Dua bulan setelah kecelakaan, aku mulai terbiasa dengan rutinitas baru yang harus kujalani dari hari ke hari. Ya, karena tak ada aktivitas lagi selain duduk di kursi roda. Kedua kaki dan tangan kiriku belum pulih. Meski terapi tak terlewatkan, masa penyembuhan tulang-tulang yang patah memerlukan proses yang tak cepat. Aku masih sering merasa putus asa dengan keadaanku. Saat bercermin, aku tak berani melihat wajah yang tak mulus lagi karena kini dihiasi beberapa bekas jahitan. Apalagi telapak kaki kiriku yang tak berjari lagi. Sedih. Rasa percaya diriku hilang. Ah, padahal aku tak sabar ingin berjalan bahkan berlari seperti biasa dilakukan setiap pagi sebelum ke kampus.
Pergi ke kampus? Tidak, aku sudah mengajukan cuti satu atau dua semester, sampai kakiku bisa menapak lagi.
Kadang, aku merasa tak berguna saat melihat ibuku kerepotan di warung. Tanganku sudah gatal mengambil alih parutan kelapa, atau mengupas bawang. Jika aku mendekat ke dapur, mata Ibu sudah melotot. Ibu tak mau jika lukaku yang belum sembuh terkena kotoran dan akan mengakibatkan infeksi. Sementara, kaki yang masih tertanam pen rentan sekali terhadap infeksi. Ia tak mau kondisiku semakin buruk. Perempuan berusia setengah abad itu memang selalu mengkhawatirkan putri kesayangan satu-satunya ini. Ibu selalu takut jika terjadi sesuatu pada diriku. Ia tak mau kehilangan orang yang dicintainya, setelah belasan tahun ditinggal pergi oleh ayahku. Ibu hanya memiliki aku, satu-satunya yang dicintai. Sering kali kusarankan untuk menikah lagi, tetapi Ibu menolak. Padahal, tak sedikit lelaki mapan seusianya yang berminat menikahi. Aku tahu dan merasakan apa yang Ibu rasa. Terlalu sakit luka yang digoreskan Ayah di hati kami. Aku dan Ibu, ditinggal pergi begitu saja demi menikahi lagi dengan mantan kekasihnya, yang ternyata sudah memiliki buah hati sebelum menikah dengan ibuku. Saat Ayah pergi, usiaku baru lima tahun. Aku tak bisa lagi mengingat rupanya. Hanya sedikit kenangan yang tersimpan di memori otakku.
Suara klakson motor yang berbunyi nyaring ketiga kalinya, menurunkan aku dari angan yang melambung. Kebiasaan! Sudah kubilang berkali-kali jangan membunyikan klakson di depan warung kepada pemilik motor itu. Ibuku suka kaget, dan susah untuk meredakan kembali ketakutannya itu. Akhir-akhir ini, Ibu memang suka mengeluhkan ada yang tak beres dengan jantungnya. Ia jadi sering kagetan, berdebar-debar tiba-tiba, sering keluar keringat dingin, serta rasa cemas berlebihan. Menurut dokter, ibuku harus mulai waspada terhadap gejala gangguan jantung.

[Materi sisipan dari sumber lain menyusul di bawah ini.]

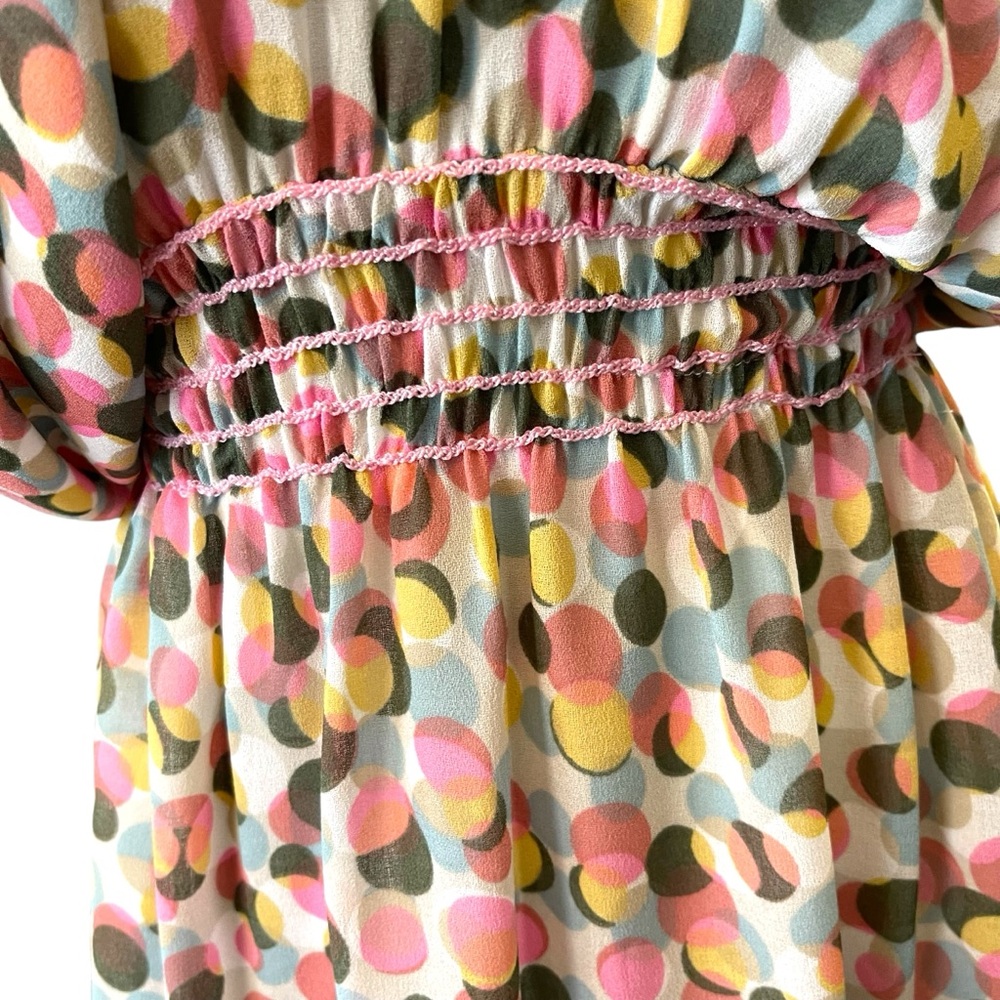 Max Studio Multi-Colour Pastel Dot Smocked Waist Blouson Dress (M) - Picture 6 of 15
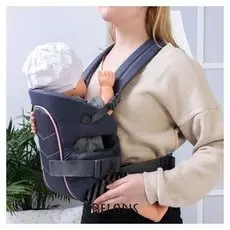 Рюкзак-кенгуру, цвет синий, фиолетовая оконтовка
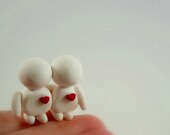 Tiny Love Couple Sculpture - Red And White Miniature Polymer Clay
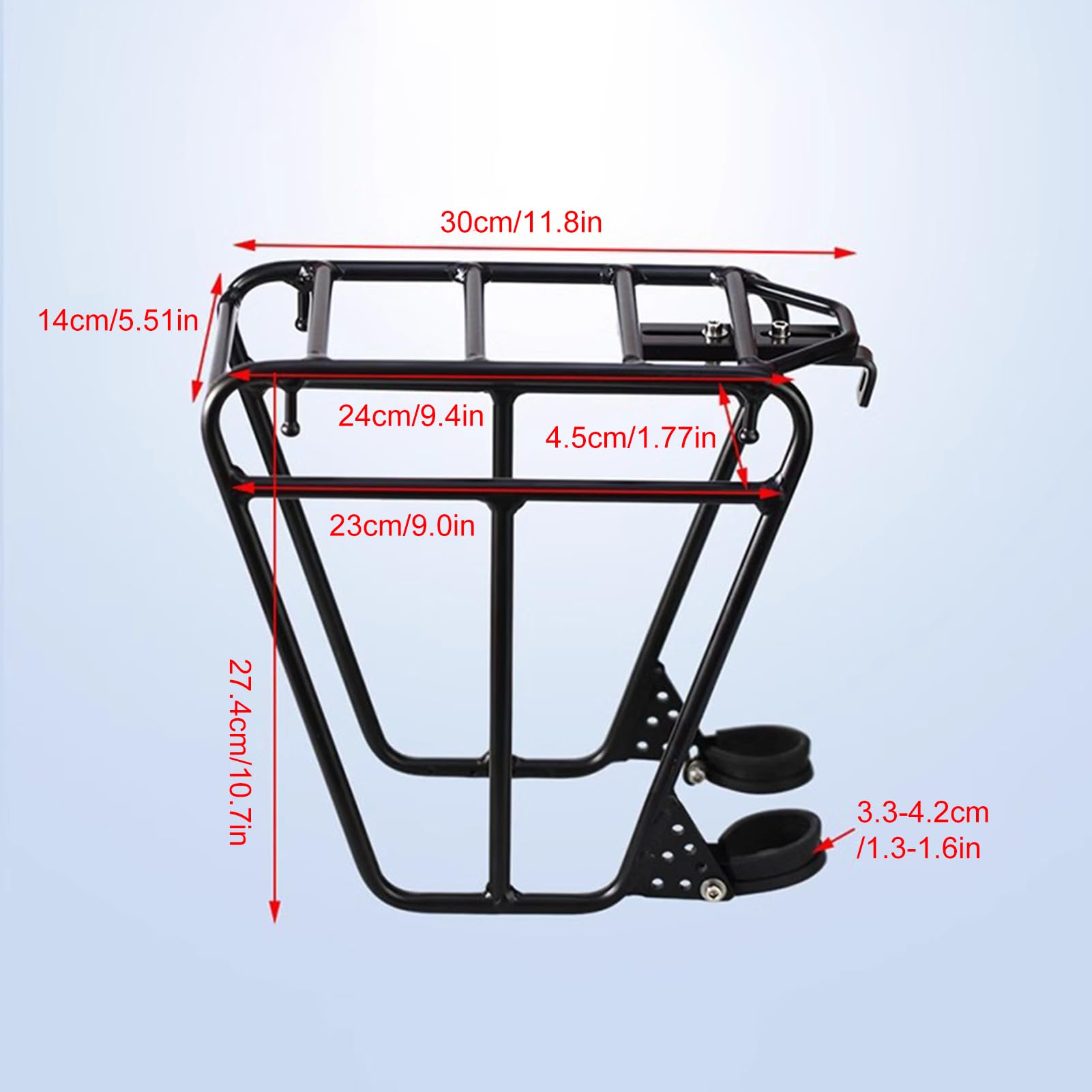 Portabici resistente, per bici da pendolari, rack per borse per biciclette | rack per biciclette versatili, robusti portapacchi per spostamenti quotidiani o viaggi a lunga distanza, 30 x 14 x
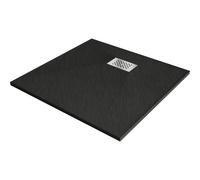 Mexen Hugo plato de ducha cuadrado SMC 90 x 90 cm, negro, cubre desagüe inox - 42709090-X 25194 5905315225849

Kembali ke pemilik motor trail itu, ia Shaka, yang selama ini selalu mendampingiku ke mana pun. Kami berteman dekat sejak kelas tiga SMA. Aku dan Shaka satu sekolah, meskipun beda kelas dan jurusan. Aku anak IPA, sedangkan Shaka anak IPS. Namun begitu, kami selalu jalan bersama, baik pergi maupun pulang sekolah. Hingga kini pun, walau tak satu kampus, ia selalu menyempatkan diri untuk mengantar jemput aku.

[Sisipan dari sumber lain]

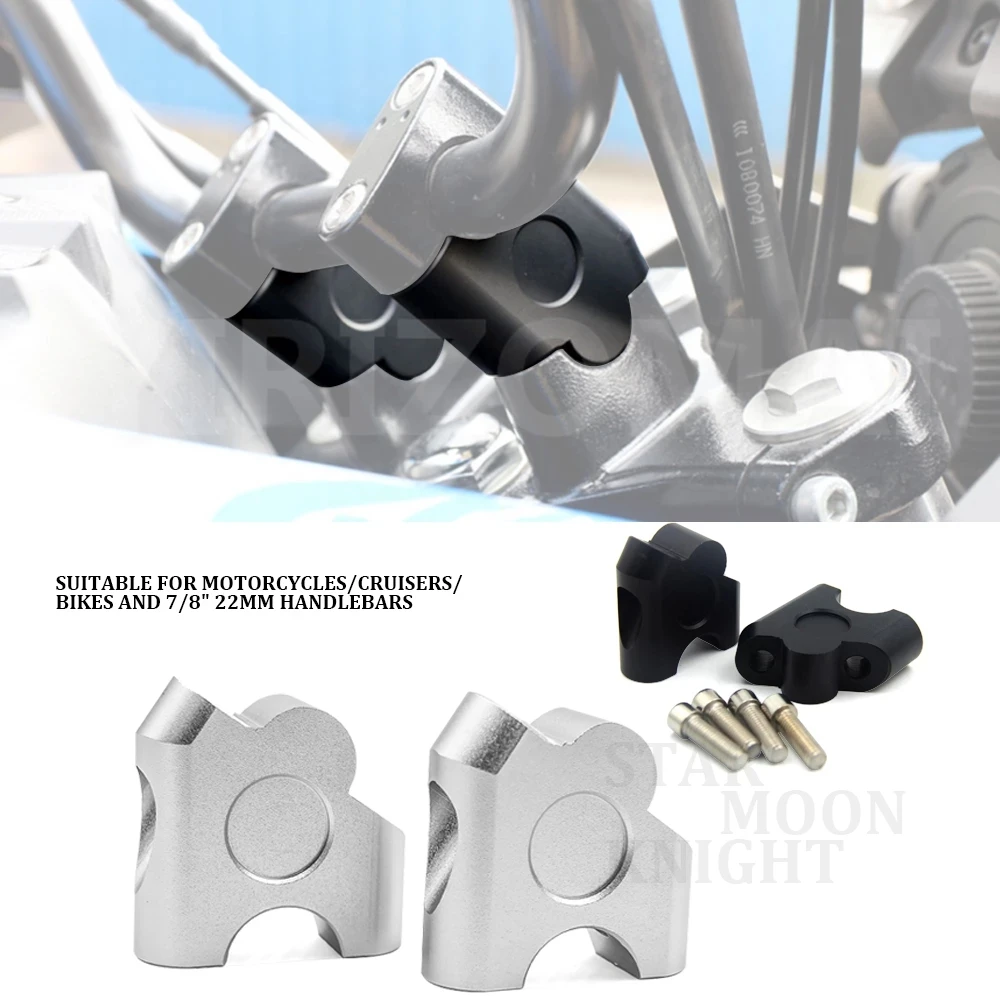 

2pcs 7/8" 22mm Motorcycle CNC Aluminum Handlebar Riser Clamp Mount Taper For Suzuki DL650 V-STROM DL 650 VSTROM DL1000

Aku jadi teringat pada masa sebelum kejadian itu. Shaka selalu ada jika kubutuhkan.
“Cinta! Ngampus, nggak? Ayo, buruan, kita udah telat, nih!” teriaknya tanpa turun dari kendaraan kesayangannya.
“Iya, bentar! Aku izin Ibu dulu!” sahutku, membalas teriakan cowok berambut gondrong itu.
Setelah merapikan pakaian dan riasan wajah, aku berpamitan kepada Ibu, lalu segera menyambar tas kuliah yang kusimpan di meja kasir.
“Lelet banget, sih? Jalan udah kayak putri keraton aja. Lihat waktu, dong!” Dengan ketus, Shaka menggerutu ketika aku menghampiri.
Sepanjang jalan Shaka masih mengomel. Selain karena aku, ia juga lupa membawa tugas yang diberikan dosennya. Bukannya menyadari kesalahannya, ia justru menyalahkanku.
“Gara-gara kamu, aku jadi ikutan telat! Mana tugasku ketinggalan pula.” Shaka mengomel sambil menambah kecepatan laju motor.